The Mitzvah of ViKidashto – To Treat a Kohen with Respect
Question: I know the Torah teaches that we are to treat a kohen with honor, yet I always see people asking kohanim to do favors. Am I permitted to ask a kohen to do me a favor?
You are asking a very excellent and interesting question. It is correct that a look at the early poskim implies that one should not ask a kohen to do him a favor, yet the prevalent custom is to be lenient. Let us explore the subject to see whether this practice is correct.

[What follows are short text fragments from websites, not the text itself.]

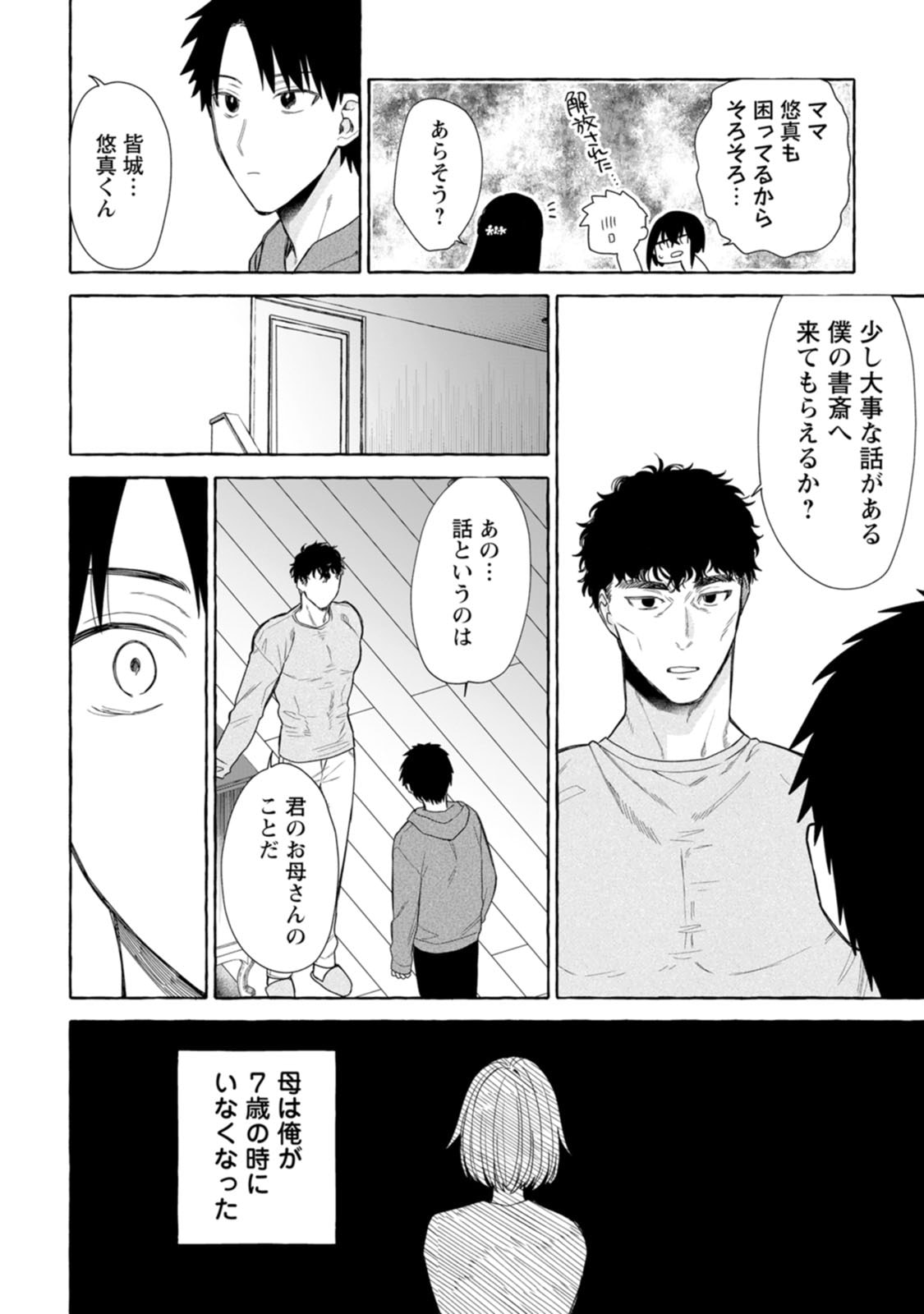 ダンジョンのある世界で賢く健やかに生きる方法 Chap 40 - Next Chap 41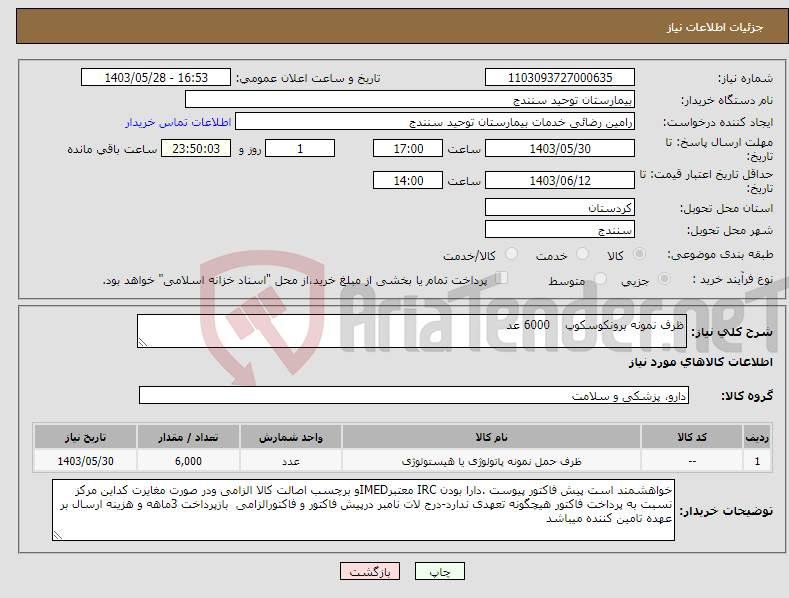 تصویر کوچک آگهی نیاز انتخاب تامین کننده-ظرف نمونه برونکوسکوپ 6000 عد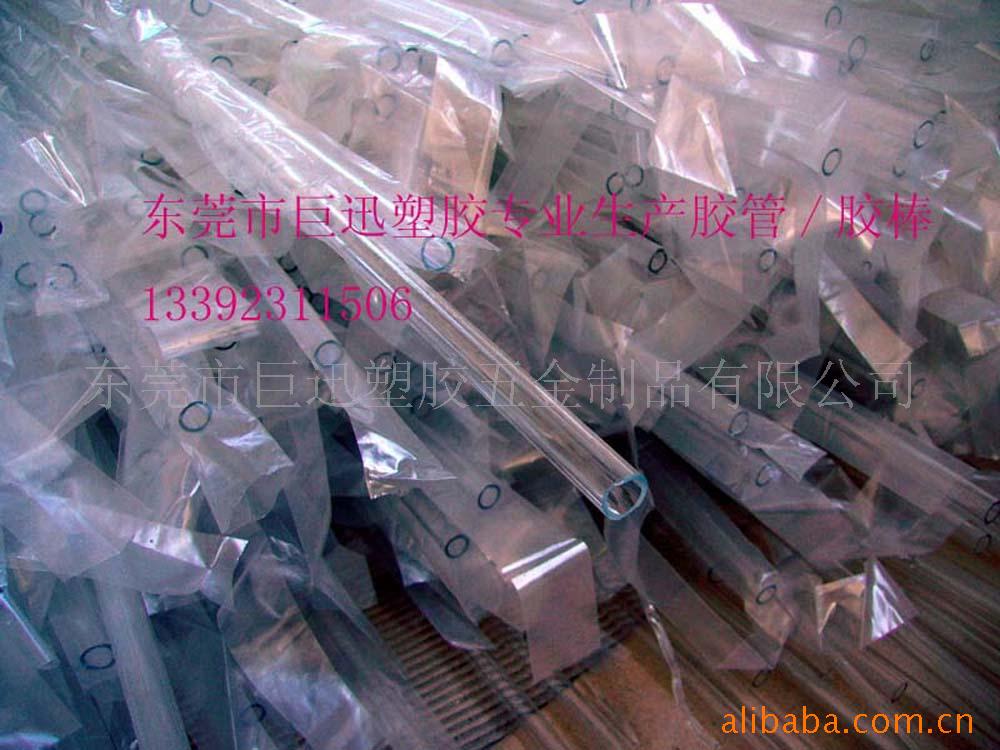 PMMA管，压克力管，亚克力管，有机玻璃管，透明管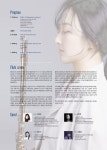 KOPIS 공연예술 통합전산망 유재아 플루트 리사이틀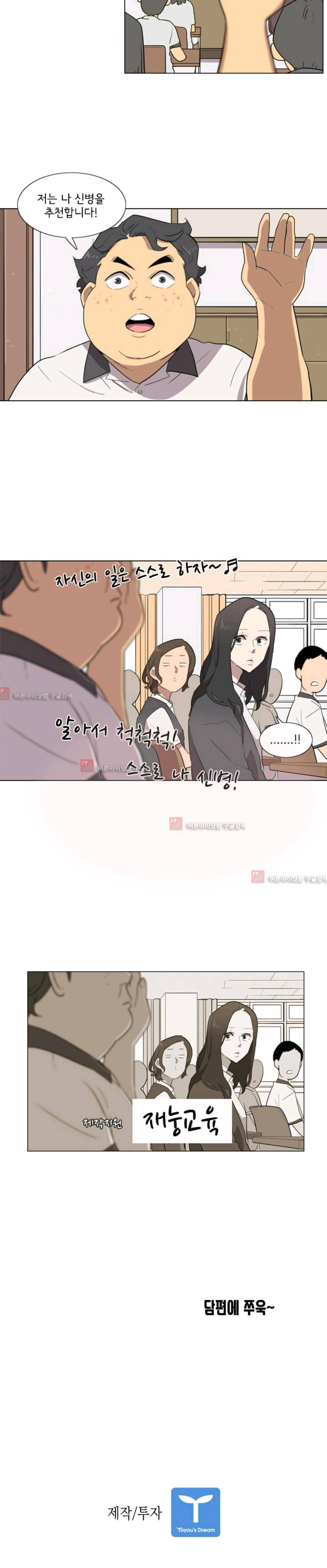 난 짱이야  17화 14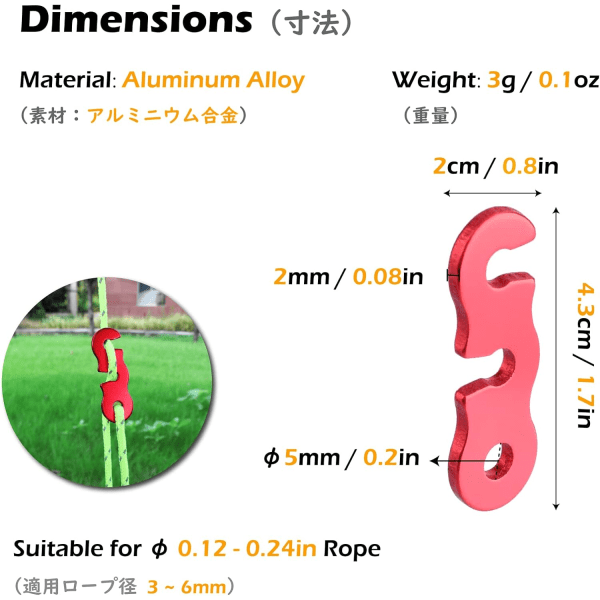 (Rød - 12-pakning) Aluminiums camping tau spenner tau spenner for telt presenning fotturer
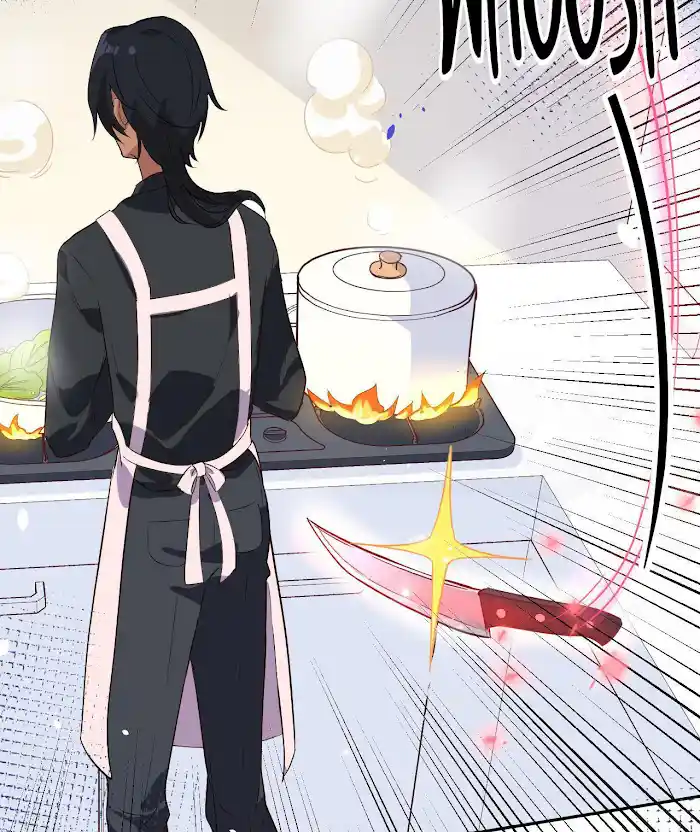 Xiu Zhen Nai Ba Chapter 32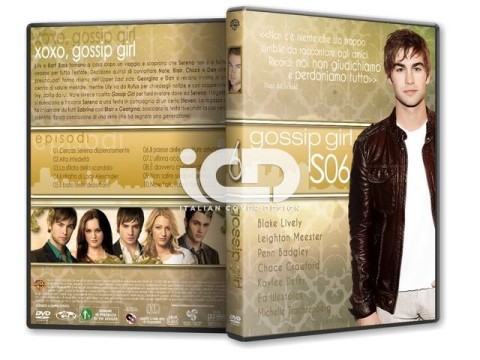 Anteprima gossip_girl_06.jpg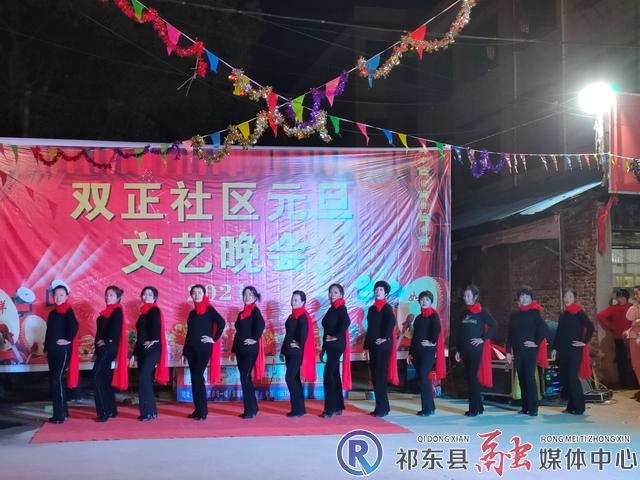 w_微信图片_20201230004254.jpg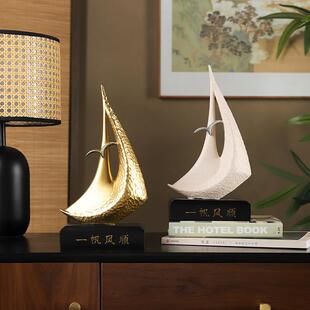 帆船摆件书柜一帆风顺桌面轻奢高级感办公室客厅家居酒柜柜子摆设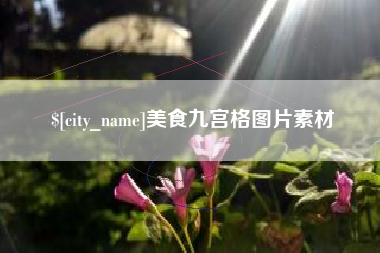 梧州美食九宫格图片素材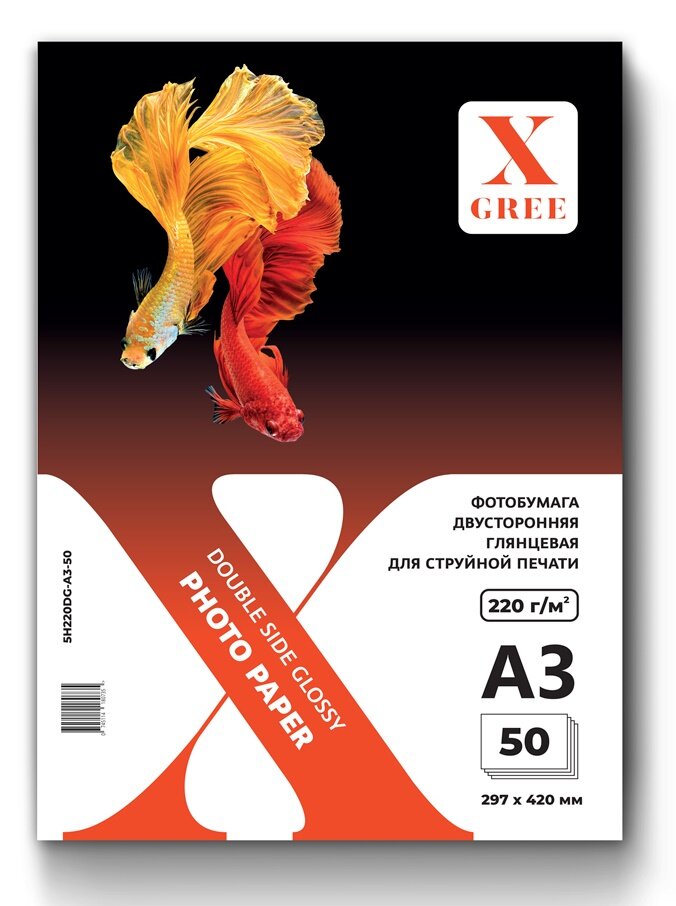 5H220DG-А3-50 Фотобумага для струйной печати X-GREE Глянцевая Двусторонняя A3*297x420мм/50л/220г NEW (10)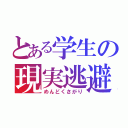 とある学生の現実逃避（めんどくさがり）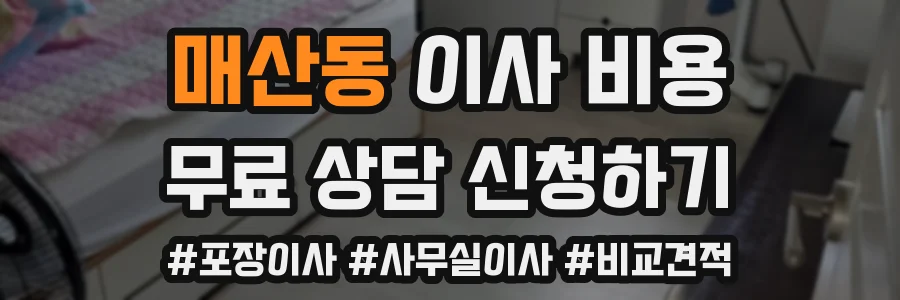 매산동 이사 비용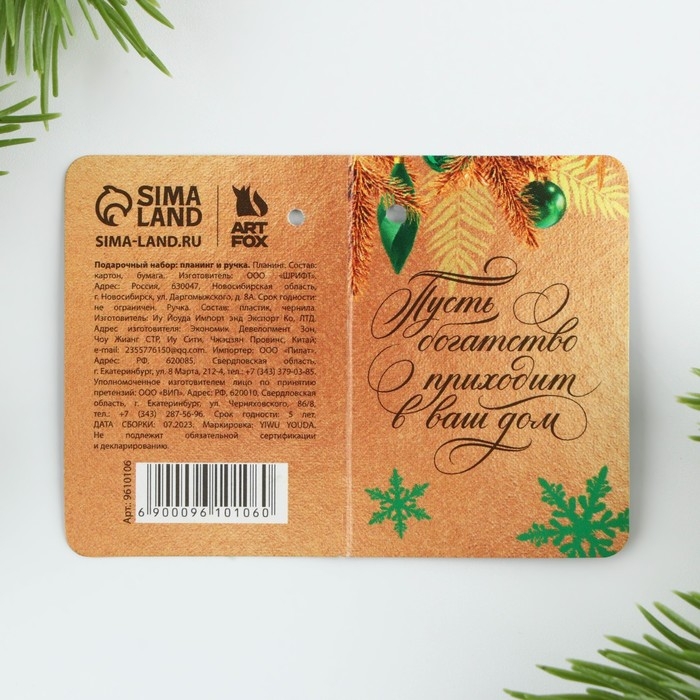 Подарочный набор новогодний, планинг и ручка «Уютного Нового Года!» Подарочный набор новогодний, планинг и ручка «Уютного Нового Года!»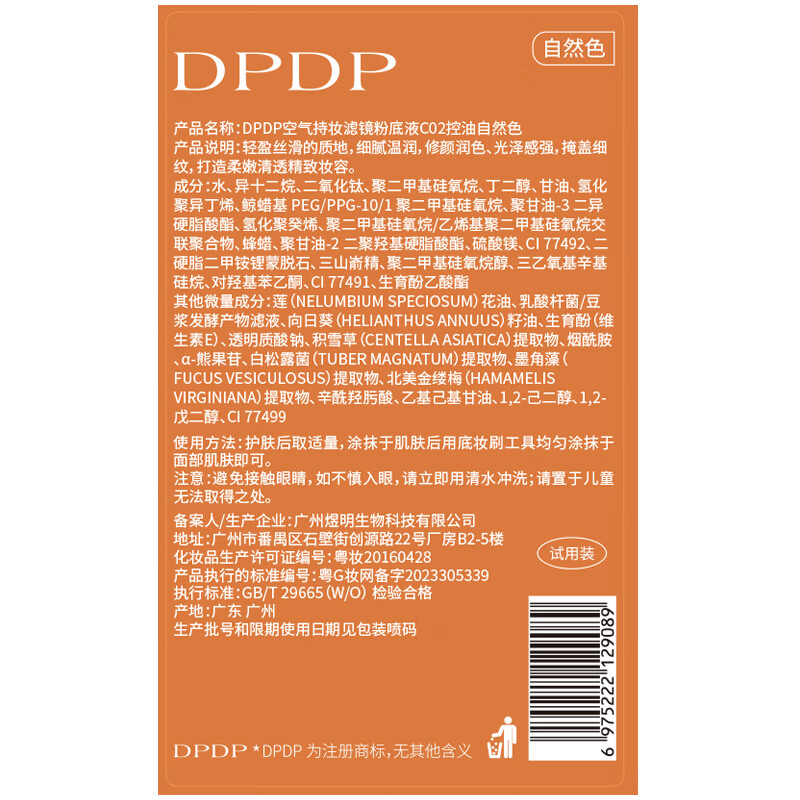 DPDP Air Lasting Liquid Foundation C02# Refreshing Natural Color 30g Long-lasting Concealer as a New Year’s Day gift for your girlfriend
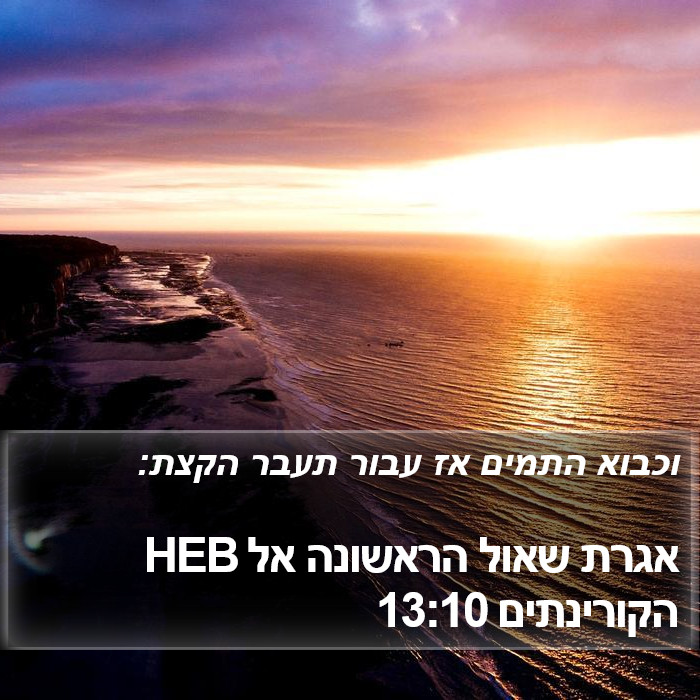 אגרת שאול הראשונה אל הקורינתים 13:10 HEB Bible Study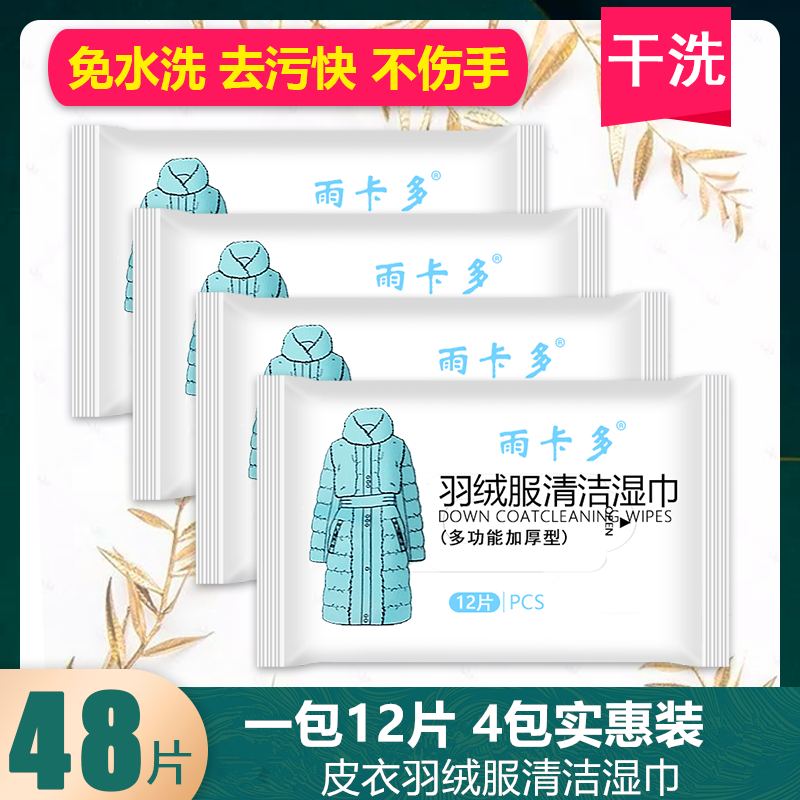 羽绒服皮质衣物清洗湿巾免洗去污渍去油洗涤衣服干洗剂外带便携装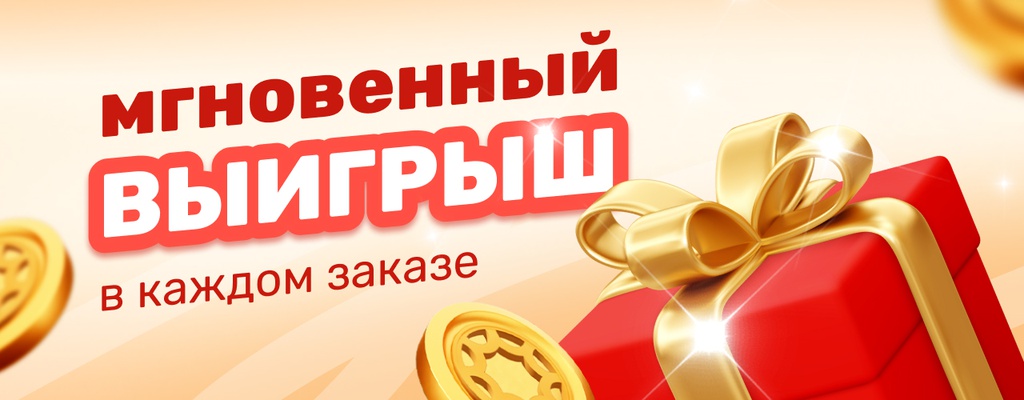 Акция «Подарки к каждому заказу» в Уральске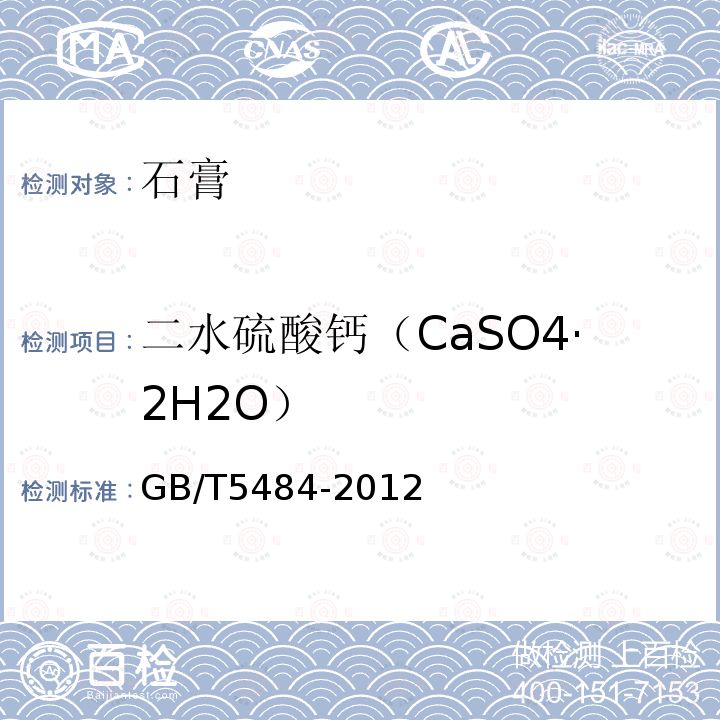 二水硫酸钙（CaSO4·2H2O） GB/T 5484-2012 石膏化学分析方法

In Parshas Emor, after listing many specific mitzvohs that apply uniquely to the Kohen, the Torah states: “And you shall make him (the kohen) holy, because he offers the bread of your G-d. He shall be holy to you because I Hashem, who makes you holy, am Holy” (VaYikra 21:8). We are commanded by the Torah to treat a kohen differently since he is charged with bringing the offerings in the Beis HaMikdash (Gittin 59b; Rambam, Hilchos Klei HaMikdash 4:2).
There are both positive and negative aspects to this mitzvah. A kohen who violates his kedushah by marrying a divorcee or other woman prohibited to him should be separated from his prohibited wife. The Gemara states that “you shall make him holy,” even against the kohen’s will. Thus, when the Jewish community and its besdin have control over Jewish affairs, they bear the responsibility to force a kohen to divorce his wife under these circumstances (Yevamos 82b).
There is also the positive aspect of this mitzvah, which is to treat the kohen with honor. According to the Rambam, this responsibility is considered a mitzvah min hatorah (Sefer HaMitzvos Aseh 32; Hilchos Klei HaMikdash 4:2), whereas other rishonim contend that this aspect of the mitzvah is only midarabanan (Tosafos, Chullin 87a end of s.v. vichiyivu; Tur, Yoreh Deah 28; Bach ad loc.). Later poskim rule that the mitzvah to treat a kohen with respect is indeed min hatorah (see Magen Avraham 201:4 and Mishnah Berurah op. cit.).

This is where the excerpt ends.